*** Block opens ***

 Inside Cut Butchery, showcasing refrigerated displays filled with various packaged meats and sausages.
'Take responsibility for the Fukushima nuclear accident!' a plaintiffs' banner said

*** Block closes ***
*** Block opens ***

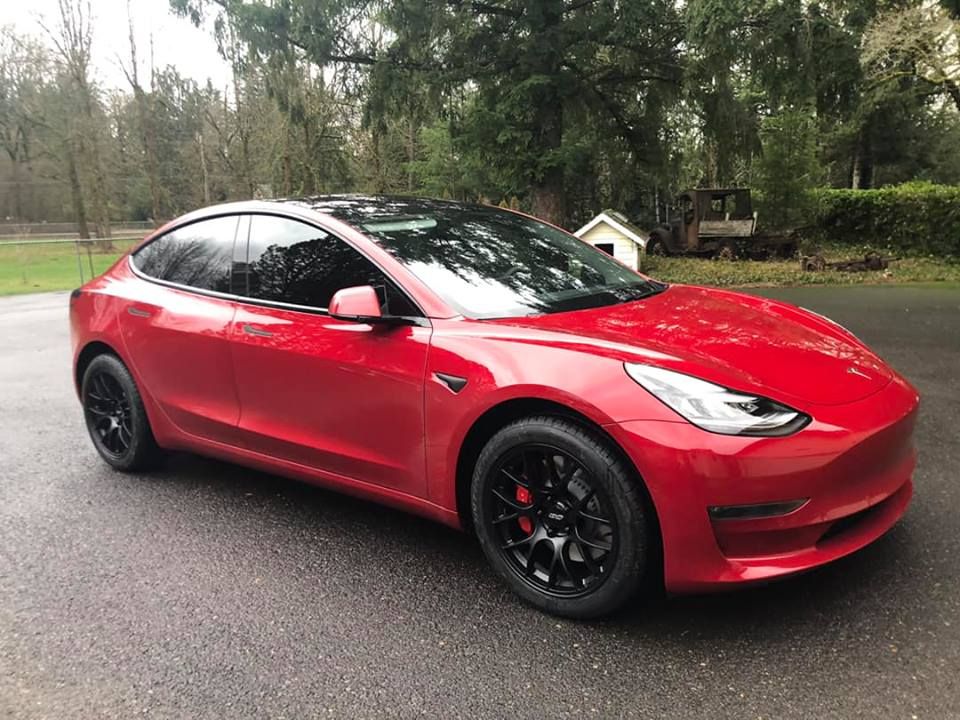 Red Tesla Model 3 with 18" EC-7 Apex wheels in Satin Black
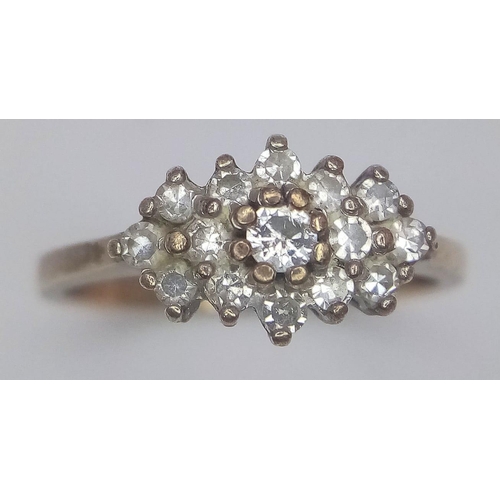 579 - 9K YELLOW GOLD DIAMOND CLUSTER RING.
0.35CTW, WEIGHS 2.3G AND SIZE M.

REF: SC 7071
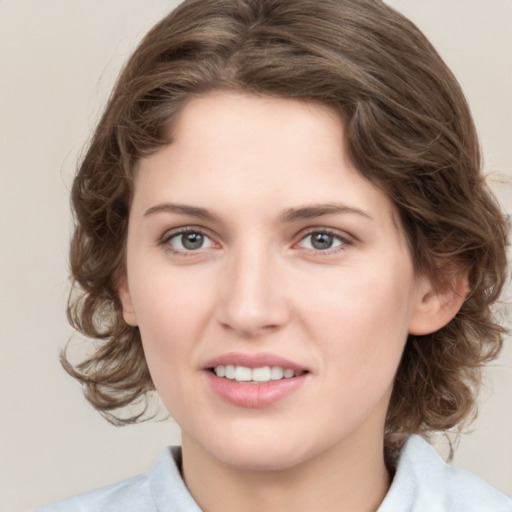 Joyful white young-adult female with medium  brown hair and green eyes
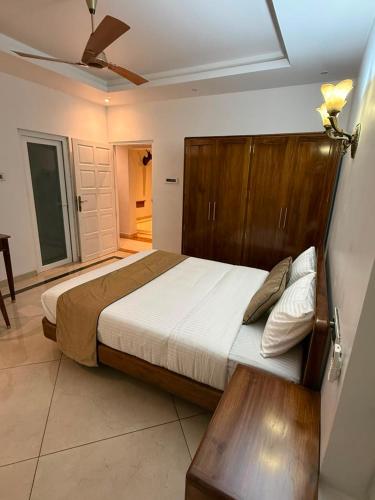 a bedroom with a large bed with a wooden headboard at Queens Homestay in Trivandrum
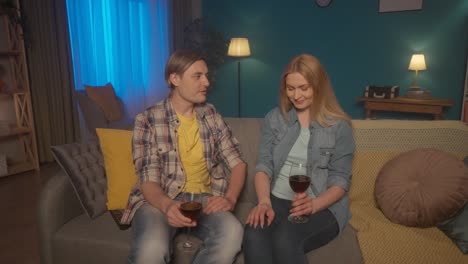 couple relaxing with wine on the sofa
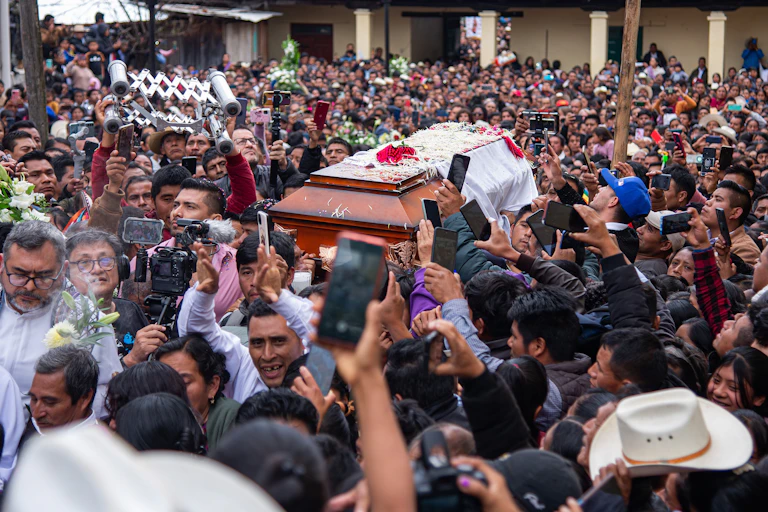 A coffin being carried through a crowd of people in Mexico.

*** Block closes ***
*** Block opens ***

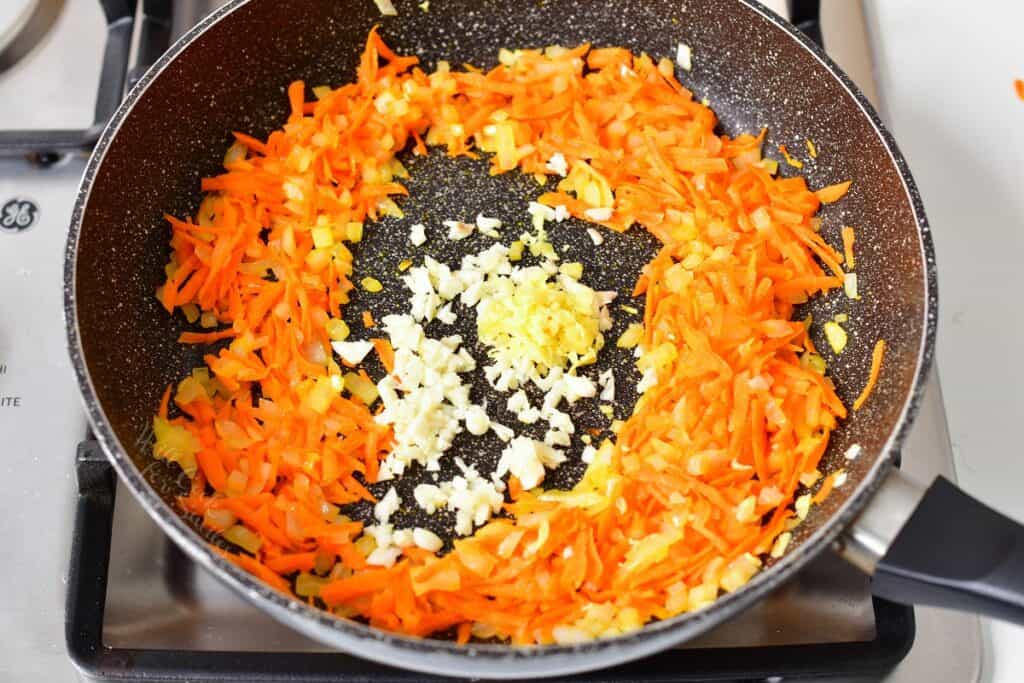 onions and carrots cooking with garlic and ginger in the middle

*** Block closes ***

* **ABOUT THIS EXERCISE**
All that belongs in the answer is the run of lines above from the line containing "Inside Cut Butchery, showcasing" through the line containing "plaintiffs' banner said", exactly as written.

* **TASK SOLUTION**
 Inside Cut Butchery, showcasing refrigerated displays filled with various packaged meats and sausages.
'Take responsibility for the Fukushima nuclear accident!' a plaintiffs' banner said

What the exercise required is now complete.